Your response should contain every record below, copied exactly.

+---+

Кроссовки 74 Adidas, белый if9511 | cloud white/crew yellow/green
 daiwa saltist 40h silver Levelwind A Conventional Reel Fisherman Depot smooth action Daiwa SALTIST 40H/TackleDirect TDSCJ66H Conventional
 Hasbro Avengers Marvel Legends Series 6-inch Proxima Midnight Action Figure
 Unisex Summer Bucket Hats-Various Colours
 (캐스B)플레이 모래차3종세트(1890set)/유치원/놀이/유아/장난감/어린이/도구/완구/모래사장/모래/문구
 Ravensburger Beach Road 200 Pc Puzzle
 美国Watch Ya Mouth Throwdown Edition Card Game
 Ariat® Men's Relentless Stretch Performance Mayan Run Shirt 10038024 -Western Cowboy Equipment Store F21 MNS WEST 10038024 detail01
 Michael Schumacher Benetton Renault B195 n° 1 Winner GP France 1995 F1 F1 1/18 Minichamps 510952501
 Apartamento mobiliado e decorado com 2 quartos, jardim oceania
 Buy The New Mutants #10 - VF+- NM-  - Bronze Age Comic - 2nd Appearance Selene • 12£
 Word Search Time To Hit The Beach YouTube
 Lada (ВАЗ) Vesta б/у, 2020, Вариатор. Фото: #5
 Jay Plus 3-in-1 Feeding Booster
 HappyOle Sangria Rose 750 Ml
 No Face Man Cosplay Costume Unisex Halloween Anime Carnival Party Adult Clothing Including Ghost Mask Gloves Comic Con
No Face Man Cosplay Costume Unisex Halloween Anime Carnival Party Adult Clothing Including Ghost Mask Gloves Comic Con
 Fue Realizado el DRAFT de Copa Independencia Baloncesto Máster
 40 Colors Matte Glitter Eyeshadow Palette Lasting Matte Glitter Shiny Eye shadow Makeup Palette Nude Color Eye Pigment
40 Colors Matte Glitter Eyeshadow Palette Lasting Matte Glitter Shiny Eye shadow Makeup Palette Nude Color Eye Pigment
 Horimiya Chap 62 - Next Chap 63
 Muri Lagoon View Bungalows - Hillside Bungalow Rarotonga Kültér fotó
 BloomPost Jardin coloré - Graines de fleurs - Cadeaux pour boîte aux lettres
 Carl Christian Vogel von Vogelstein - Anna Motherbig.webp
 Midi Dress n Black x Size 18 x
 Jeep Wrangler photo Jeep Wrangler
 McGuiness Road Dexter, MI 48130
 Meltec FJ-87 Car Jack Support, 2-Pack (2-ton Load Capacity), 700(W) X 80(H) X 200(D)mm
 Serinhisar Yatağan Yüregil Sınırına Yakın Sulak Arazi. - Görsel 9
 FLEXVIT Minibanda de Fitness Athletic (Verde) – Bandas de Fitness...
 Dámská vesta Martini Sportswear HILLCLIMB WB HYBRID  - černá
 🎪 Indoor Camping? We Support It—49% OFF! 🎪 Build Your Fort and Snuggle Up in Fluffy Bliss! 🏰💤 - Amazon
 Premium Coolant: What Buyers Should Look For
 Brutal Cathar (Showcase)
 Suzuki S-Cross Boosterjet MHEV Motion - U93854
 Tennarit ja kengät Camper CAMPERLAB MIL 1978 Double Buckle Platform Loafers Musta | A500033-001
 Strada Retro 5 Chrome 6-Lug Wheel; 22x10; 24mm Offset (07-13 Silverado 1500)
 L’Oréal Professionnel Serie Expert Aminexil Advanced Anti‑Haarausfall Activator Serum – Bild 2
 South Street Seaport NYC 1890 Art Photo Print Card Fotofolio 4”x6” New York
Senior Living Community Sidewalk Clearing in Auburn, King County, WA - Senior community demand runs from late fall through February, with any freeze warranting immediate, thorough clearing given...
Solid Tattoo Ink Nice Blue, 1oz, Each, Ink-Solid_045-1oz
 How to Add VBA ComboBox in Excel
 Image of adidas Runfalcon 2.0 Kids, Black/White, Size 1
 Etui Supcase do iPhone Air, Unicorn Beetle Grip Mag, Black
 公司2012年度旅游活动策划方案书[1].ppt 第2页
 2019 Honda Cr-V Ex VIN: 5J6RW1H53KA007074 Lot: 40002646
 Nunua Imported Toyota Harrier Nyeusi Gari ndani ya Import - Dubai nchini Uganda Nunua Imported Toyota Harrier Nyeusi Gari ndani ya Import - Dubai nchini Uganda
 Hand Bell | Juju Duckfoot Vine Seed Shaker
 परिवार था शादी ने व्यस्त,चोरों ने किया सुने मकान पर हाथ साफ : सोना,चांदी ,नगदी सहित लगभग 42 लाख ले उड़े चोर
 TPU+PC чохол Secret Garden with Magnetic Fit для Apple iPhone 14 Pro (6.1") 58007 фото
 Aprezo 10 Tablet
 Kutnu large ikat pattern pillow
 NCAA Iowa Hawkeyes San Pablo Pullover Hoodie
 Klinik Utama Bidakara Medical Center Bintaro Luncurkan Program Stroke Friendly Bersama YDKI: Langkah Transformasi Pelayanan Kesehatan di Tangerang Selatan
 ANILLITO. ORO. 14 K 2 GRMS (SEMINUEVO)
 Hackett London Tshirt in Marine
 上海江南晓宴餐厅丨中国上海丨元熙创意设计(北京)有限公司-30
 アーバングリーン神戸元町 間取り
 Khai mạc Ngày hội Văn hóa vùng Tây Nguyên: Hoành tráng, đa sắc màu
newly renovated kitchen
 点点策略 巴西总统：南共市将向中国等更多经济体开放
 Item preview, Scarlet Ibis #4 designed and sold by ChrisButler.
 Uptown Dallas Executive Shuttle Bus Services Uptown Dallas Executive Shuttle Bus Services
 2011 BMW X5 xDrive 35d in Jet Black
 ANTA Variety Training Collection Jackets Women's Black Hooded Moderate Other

+---+

--- EXERCISE ANSWER ---
Кроссовки 74 Adidas, белый if9511 | cloud white/crew yellow/green
 daiwa saltist 40h silver Levelwind A Conventional Reel Fisherman Depot smooth action Daiwa SALTIST 40H/TackleDirect TDSCJ66H Conventional
 Hasbro Avengers Marvel Legends Series 6-inch Proxima Midnight Action Figure
 Unisex Summer Bucket Hats-Various Colours
 (캐스B)플레이 모래차3종세트(1890set)/유치원/놀이/유아/장난감/어린이/도구/완구/모래사장/모래/문구
 Ravensburger Beach Road 200 Pc Puzzle
 美国Watch Ya Mouth Throwdown Edition Card Game
 Ariat® Men's Relentless Stretch Performance Mayan Run Shirt 10038024 -Western Cowboy Equipment Store F21 MNS WEST 10038024 detail01
 Michael Schumacher Benetton Renault B195 n° 1 Winner GP France 1995 F1 F1 1/18 Minichamps 510952501
 Apartamento mobiliado e decorado com 2 quartos, jardim oceania
 Buy The New Mutants #10 - VF+- NM-  - Bronze Age Comic - 2nd Appearance Selene • 12£
 Word Search Time To Hit The Beach YouTube
 Lada (ВАЗ) Vesta б/у, 2020, Вариатор. Фото: #5
 Jay Plus 3-in-1 Feeding Booster
 HappyOle Sangria Rose 750 Ml
 No Face Man Cosplay Costume Unisex Halloween Anime Carnival Party Adult Clothing Including Ghost Mask Gloves Comic Con
No Face Man Cosplay Costume Unisex Halloween Anime Carnival Party Adult Clothing Including Ghost Mask Gloves Comic Con
 Fue Realizado el DRAFT de Copa Independencia Baloncesto Máster
 40 Colors Matte Glitter Eyeshadow Palette Lasting Matte Glitter Shiny Eye shadow Makeup Palette Nude Color Eye Pigment
40 Colors Matte Glitter Eyeshadow Palette Lasting Matte Glitter Shiny Eye shadow Makeup Palette Nude Color Eye Pigment
 Horimiya Chap 62 - Next Chap 63
 Muri Lagoon View Bungalows - Hillside Bungalow Rarotonga Kültér fotó
 BloomPost Jardin coloré - Graines de fleurs - Cadeaux pour boîte aux lettres
 Carl Christian Vogel von Vogelstein - Anna Motherbig.webp
 Midi Dress n Black x Size 18 x
 Jeep Wrangler photo Jeep Wrangler
 McGuiness Road Dexter, MI 48130
 Meltec FJ-87 Car Jack Support, 2-Pack (2-ton Load Capacity), 700(W) X 80(H) X 200(D)mm
 Serinhisar Yatağan Yüregil Sınırına Yakın Sulak Arazi. - Görsel 9
 FLEXVIT Minibanda de Fitness Athletic (Verde) – Bandas de Fitness...
 Dámská vesta Martini Sportswear HILLCLIMB WB HYBRID  - černá
 🎪 Indoor Camping? We Support It—49% OFF! 🎪 Build Your Fort and Snuggle Up in Fluffy Bliss! 🏰💤 - Amazon
 Premium Coolant: What Buyers Should Look For
 Brutal Cathar (Showcase)
 Suzuki S-Cross Boosterjet MHEV Motion - U93854
 Tennarit ja kengät Camper CAMPERLAB MIL 1978 Double Buckle Platform Loafers Musta | A500033-001
 Strada Retro 5 Chrome 6-Lug Wheel; 22x10; 24mm Offset (07-13 Silverado 1500)
 L’Oréal Professionnel Serie Expert Aminexil Advanced Anti‑Haarausfall Activator Serum – Bild 2
 South Street Seaport NYC 1890 Art Photo Print Card Fotofolio 4”x6” New York
Senior Living Community Sidewalk Clearing in Auburn, King County, WA - Senior community demand runs from late fall through February, with any freeze warranting immediate, thorough clearing given...
Solid Tattoo Ink Nice Blue, 1oz, Each, Ink-Solid_045-1oz
 How to Add VBA ComboBox in Excel
 Image of adidas Runfalcon 2.0 Kids, Black/White, Size 1
 Etui Supcase do iPhone Air, Unicorn Beetle Grip Mag, Black
 公司2012年度旅游活动策划方案书[1].ppt 第2页
 2019 Honda Cr-V Ex VIN: 5J6RW1H53KA007074 Lot: 40002646
 Nunua Imported Toyota Harrier Nyeusi Gari ndani ya Import - Dubai nchini Uganda Nunua Imported Toyota Harrier Nyeusi Gari ndani ya Import - Dubai nchini Uganda
 Hand Bell | Juju Duckfoot Vine Seed Shaker
 परिवार था शादी ने व्यस्त,चोरों ने किया सुने मकान पर हाथ साफ : सोना,चांदी ,नगदी सहित लगभग 42 लाख ले उड़े चोर
 TPU+PC чохол Secret Garden with Magnetic Fit для Apple iPhone 14 Pro (6.1") 58007 фото
 Aprezo 10 Tablet
 Kutnu large ikat pattern pillow
 NCAA Iowa Hawkeyes San Pablo Pullover Hoodie
 Klinik Utama Bidakara Medical Center Bintaro Luncurkan Program Stroke Friendly Bersama YDKI: Langkah Transformasi Pelayanan Kesehatan di Tangerang Selatan
 ANILLITO. ORO. 14 K 2 GRMS (SEMINUEVO)
 Hackett London Tshirt in Marine
 上海江南晓宴餐厅丨中国上海丨元熙创意设计(北京)有限公司-30
 アーバングリーン神戸元町 間取り
 Khai mạc Ngày hội Văn hóa vùng Tây Nguyên: Hoành tráng, đa sắc màu
newly renovated kitchen
 点点策略 巴西总统：南共市将向中国等更多经济体开放
 Item preview, Scarlet Ibis #4 designed and sold by ChrisButler.
 Uptown Dallas Executive Shuttle Bus Services Uptown Dallas Executive Shuttle Bus Services
 2011 BMW X5 xDrive 35d in Jet Black
 ANTA Variety Training Collection Jackets Women's Black Hooded Moderate Other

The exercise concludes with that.